Domain Tokens:A multi-domain model may be trained and informed at run-time about the domain of the input sentence. Kobus et al. (2016) apply an idea initially proposed by Sennrich et al. (2016) - to augment input sentences for register with a politeness feature token - to the domain adaptation problem. They add a domain token to each training and test sentence. Tars and Fishel (2018) give results that show domain tokens outperform fine tuning and also explore word-level domain factors.
Topic Models:If the data contains sentences from multiple domains but the composition is unknown, then automatically detecting different domains (then typically called topics) with methods such as LDA is an option. Zhang et al. (2016) apply such clustering and then compute for each word a topic distribution vector. It is used in addition to the word embedding to inform the encoder and decoder in a otherwise canonical neural translation model. Instead of word-level topic vectors, Chen et al. (2016) encode the given domain membership of each sentence as an additional input vector to the conditioning context of word prediction layer. Tars and Fishel (2018) use sentence embeddings and k-means clustering to obtain topic clusters.

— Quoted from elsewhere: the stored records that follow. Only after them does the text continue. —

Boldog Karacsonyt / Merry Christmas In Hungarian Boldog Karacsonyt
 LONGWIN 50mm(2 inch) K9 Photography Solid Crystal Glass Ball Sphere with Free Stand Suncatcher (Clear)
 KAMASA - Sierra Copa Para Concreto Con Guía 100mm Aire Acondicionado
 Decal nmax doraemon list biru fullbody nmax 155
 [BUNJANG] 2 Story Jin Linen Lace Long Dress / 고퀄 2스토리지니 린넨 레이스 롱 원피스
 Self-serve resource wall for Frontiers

Noisy Data:Text to be translated by machine translation models may be noisy, either due to misspellings or creative language use which is common in social media text. Machine translation models may be adapted to such noise to be more robust. Vaibhav et al. (2019) add synthetic training data that contains types of noise similar to what has been seen in a test set of web discussion forum posts. Anastasopoulos et al. (2019) employ corpora from grammatical error correction tasks (sentences with errors from non-native speakers alongside their corrections) to create synthetic input that mirrors the same type of errors. They compare translation quality between clean and noisy input and reduce the gap by adding similar synthetic noisy data to training.